◆ Exercise instructions ◆
Without changing a character, return the entries, but not the images they hold.

◆ Record set ◆
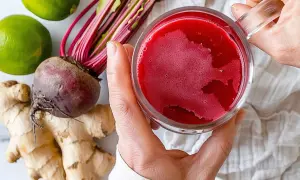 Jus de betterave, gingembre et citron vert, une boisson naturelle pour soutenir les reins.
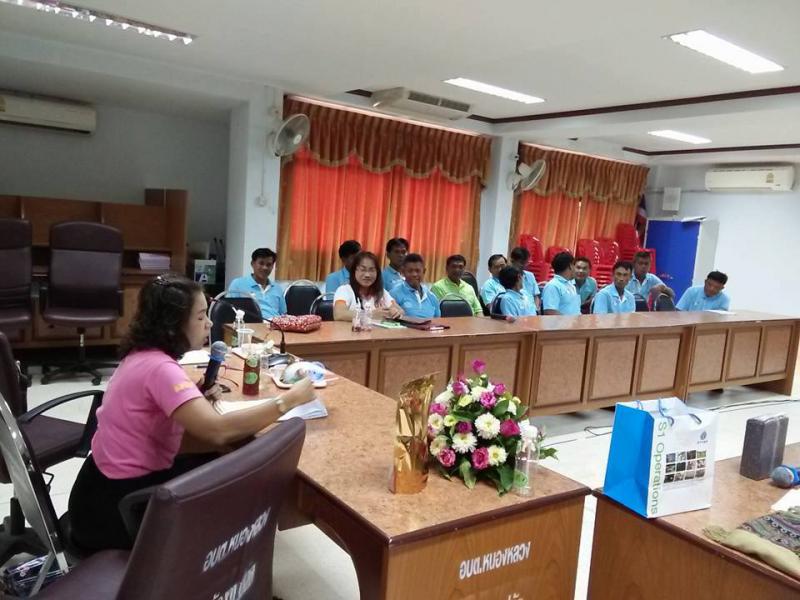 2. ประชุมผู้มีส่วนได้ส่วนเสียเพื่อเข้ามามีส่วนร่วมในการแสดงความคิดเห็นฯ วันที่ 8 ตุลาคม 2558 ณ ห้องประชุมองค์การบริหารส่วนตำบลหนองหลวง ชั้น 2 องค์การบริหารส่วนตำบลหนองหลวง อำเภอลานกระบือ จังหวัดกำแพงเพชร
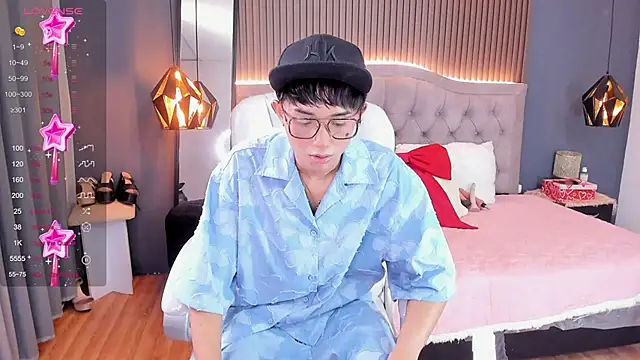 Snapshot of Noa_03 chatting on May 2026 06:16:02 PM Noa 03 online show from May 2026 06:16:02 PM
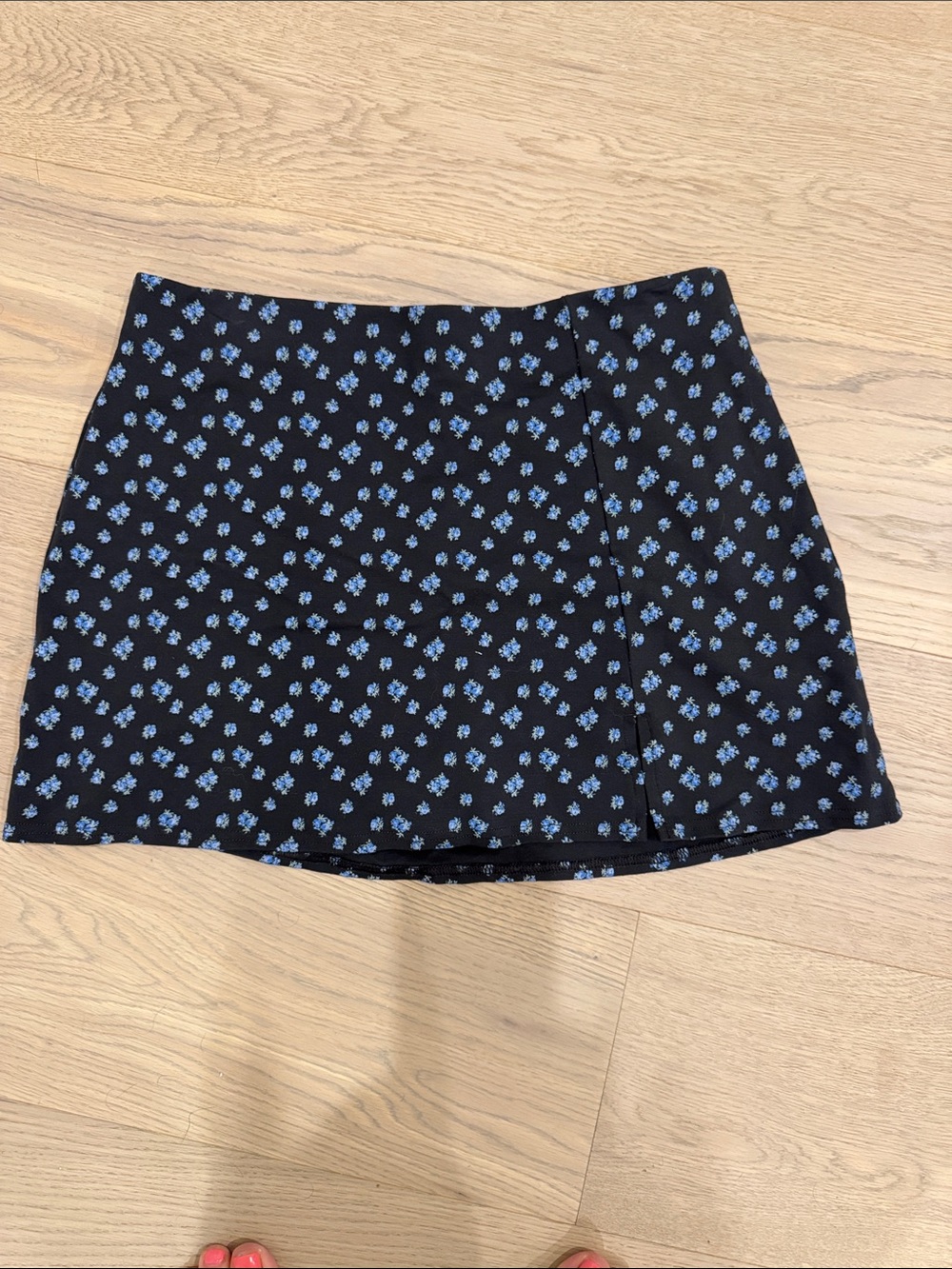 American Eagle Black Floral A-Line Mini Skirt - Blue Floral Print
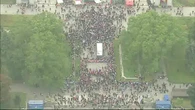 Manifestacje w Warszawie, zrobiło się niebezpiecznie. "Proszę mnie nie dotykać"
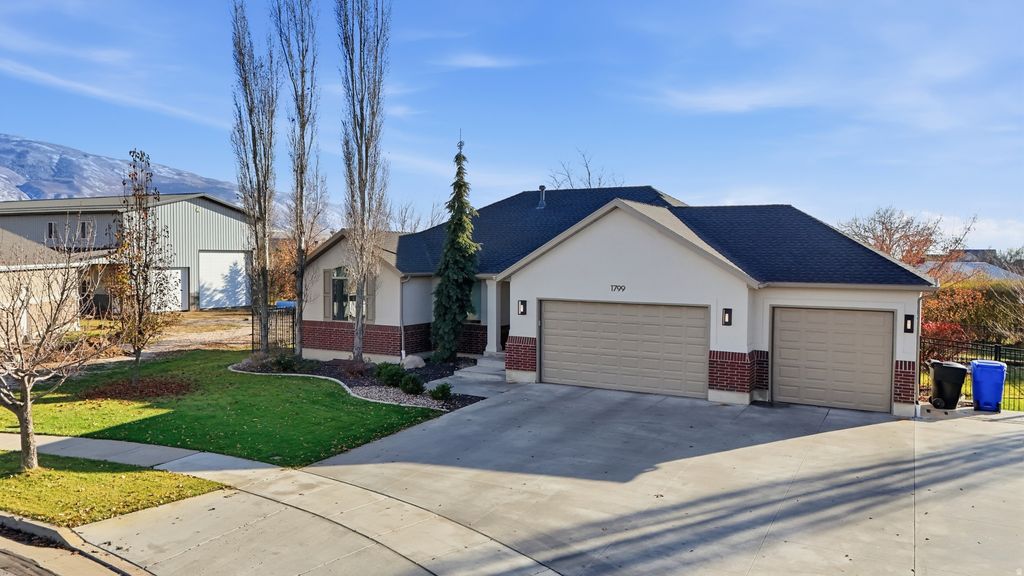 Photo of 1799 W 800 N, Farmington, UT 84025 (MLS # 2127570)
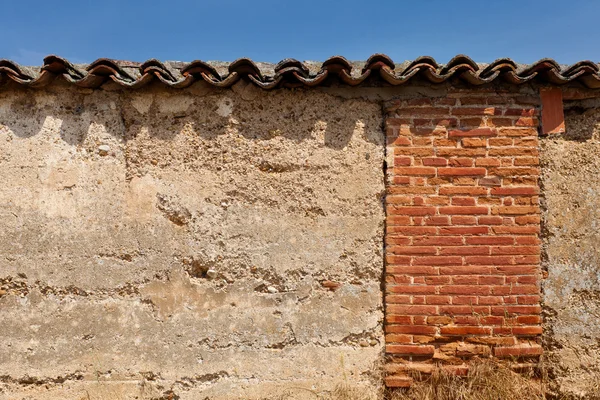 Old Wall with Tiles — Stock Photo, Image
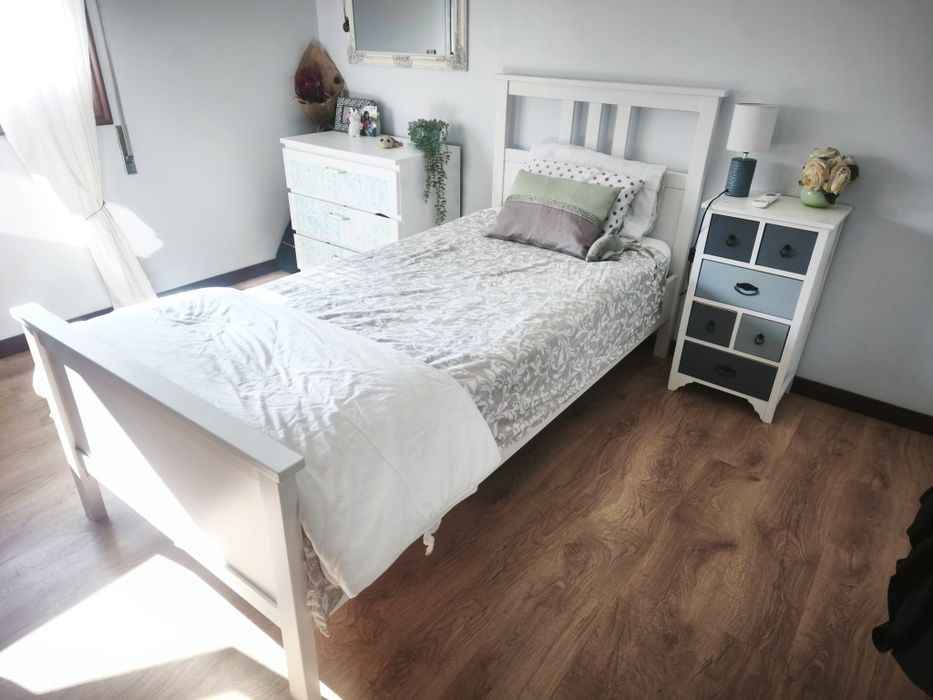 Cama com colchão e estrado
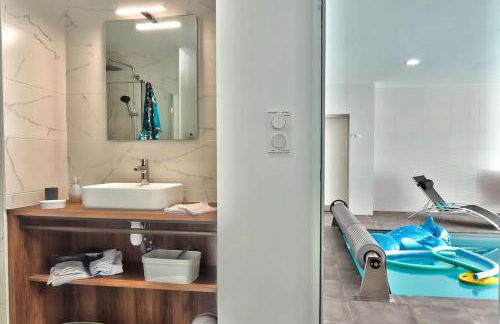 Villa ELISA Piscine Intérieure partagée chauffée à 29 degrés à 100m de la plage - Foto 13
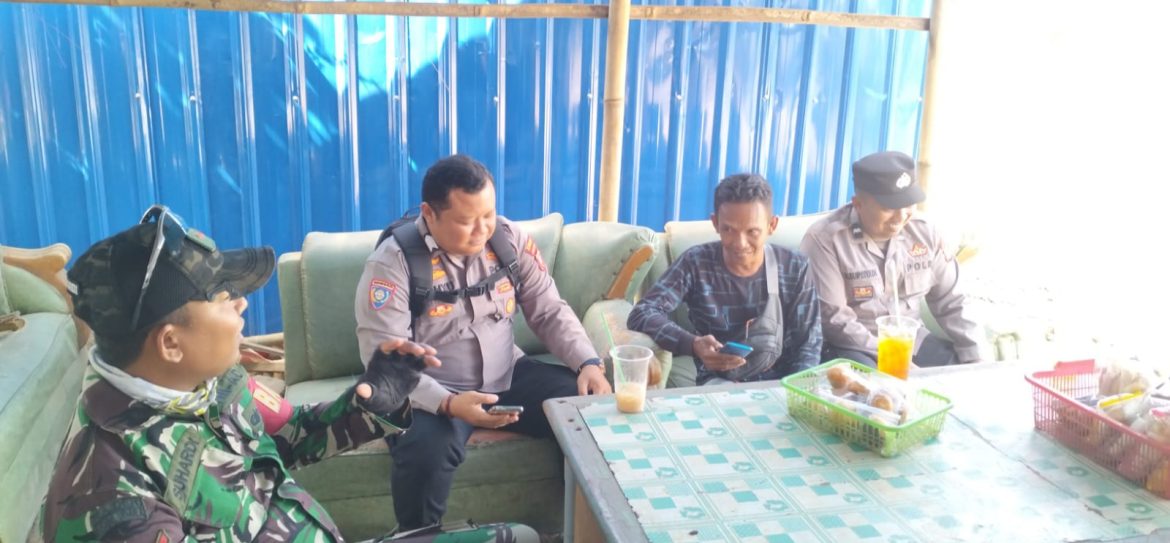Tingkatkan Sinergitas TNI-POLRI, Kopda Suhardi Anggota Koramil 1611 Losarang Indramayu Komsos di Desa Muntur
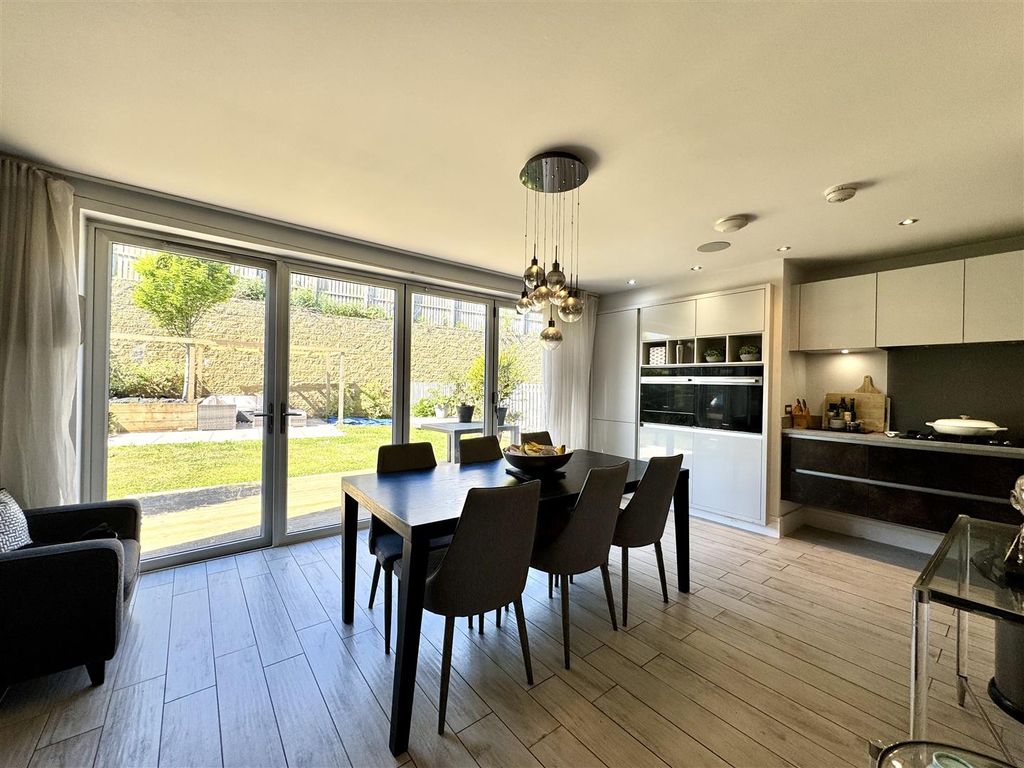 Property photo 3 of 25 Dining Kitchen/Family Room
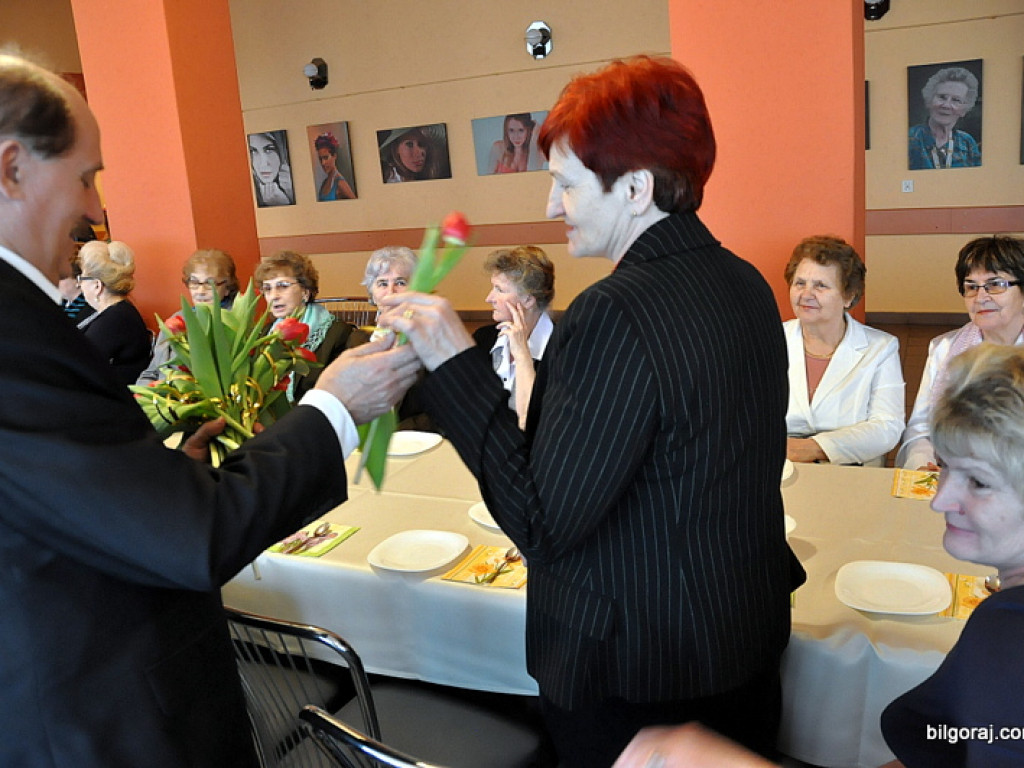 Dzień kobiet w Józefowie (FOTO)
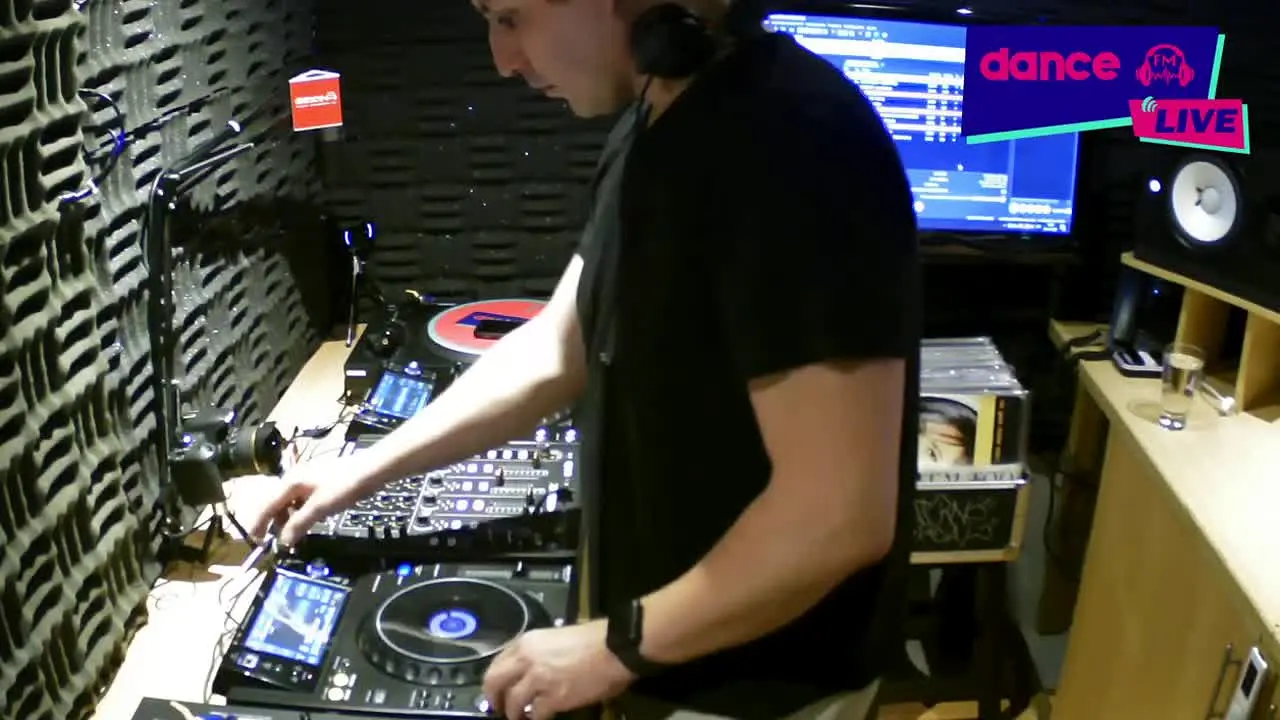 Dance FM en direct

◆ Solution to the problem ◆
 Jus de betterave, gingembre et citron vert, une boisson naturelle pour soutenir les reins.
 2. ประชุมผู้มีส่วนได้ส่วนเสียเพื่อเข้ามามีส่วนร่วมในการแสดงความคิดเห็นฯ วันที่ 8 ตุลาคม 2558 ณ ห้องประชุมองค์การบริหารส่วนตำบลหนองหลวง ชั้น 2 องค์การบริหารส่วนตำบลหนองหลวง อำเภอลานกระบือ จังหวัดกำแพงเพชร
 Snapshot of Noa_03 chatting on May 2026 06:16:02 PM Noa 03 online show from May 2026 06:16:02 PM
 American Eagle Black Floral A-Line Mini Skirt - Blue Floral Print
 Manifestacje w Warszawie, zrobiło się niebezpiecznie. "Proszę mnie nie dotykać"
 Photo of 1799 W 800 N, Farmington, UT 84025 (MLS # 2127570)
 Old Wall with Tiles — Stock Photo, Image
 Cama com colchão e estrado
 Villa ELISA Piscine Intérieure partagée chauffée à 29 degrés à 100m de la plage - Foto 13
Tingkatkan Sinergitas TNI-POLRI, Kopda Suhardi Anggota Koramil 1611 Losarang Indramayu Komsos di Desa Muntur
 Property photo 3 of 25 Dining Kitchen/Family Room
 Dzień kobiet w Józefowie (FOTO)
 Dance FM en direct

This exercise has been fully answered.